Thursday, May 28, 2015

Domain-specific knowledge and why teaching generic skills does not work.


Tricot, A., & Sweller, J. (2014). Domain-specific knowledge and why teaching generic skills does not work. Educational Psychology Review, 26, 265-283.

Domain-general skills are skills that can be used to solve any problem in any area. Tricot and Sweller argue that these skills are acquired automatically for biological evolutionary reasons and so are unteachable. Examples of such biologically primary knowledge include learning to listen and speak, learning to recognize faces, engage in social relations, or basic number sense.

Domain-specific knowledge, on the other hand, refers to memorized information that can lead to action permitting specified task completion over indefinite periods of time. Tricot and Sweller argue that acquiring domain-specific knowledge requires learning of specific rules for solving a problem (e.g., an equation), and the moves associated with this state (e.g., when the equation must be applied). The authors consider domain-specific information to be teachable aspects of problem solving skills. The acquisition of this domain-specific or biologically secondary knowledge is viewed as heavily dependent on the prior acquisition of primary knowledge. Tricot and Sweller go on to review several lines of evidence showing that expert knowledge in a specific domain does not yield expertise across domains, but can be applied within the domain to advantage.

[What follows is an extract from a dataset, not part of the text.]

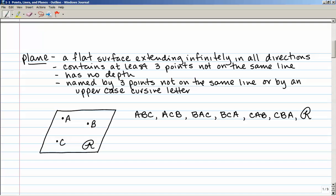A plane contains at least three points that are not on the same line. It has no depth. It is named by any three non-collinear points or by an uppercase cursive letter. On this plane I have points A, B, and C — I cannot draw one line through all three, so they are non-collinear. I can name the plane ABC, ACB, BAC, or any combination of those three letters. The order doesn't matter. Or I can refer to it as plane R using the cursive uppercase R in the corner.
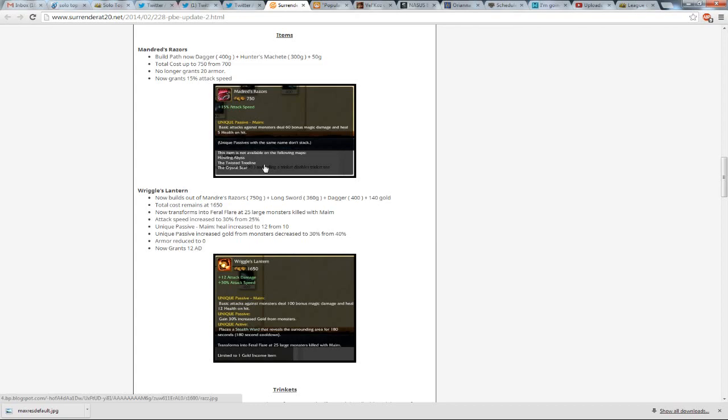people were just thinking about the Lizard Brutalizer build, or the Spectral Wraith into like Zhonya's or Sorcerer Shoes, that was the main AP build.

The authors provide two examples of instructional strategies that follow from their views on the acquisition of domain-general (biologically primary) and domain-specific (biologically secondary) information. (1) The worked example effect. Novice learners benefit from studying worked example formats. Studying a worked exampled reduces the amount of extraneous (unnecessary) work being done by working memory to generate a large set of potential solutions to a problem. By seeing the solution, working memory resources can be devoted to learning to recognize the problem and its associated moves. (2) The expertise reversal effect. Reviewing worked examples is a disadvantage for expert learners probably because working memory resources are devoted to information the expert learner has already acquired. Instead, expert learners need practice at solving the problems so that they can more automatically recognize the relevant problems and their associated moves.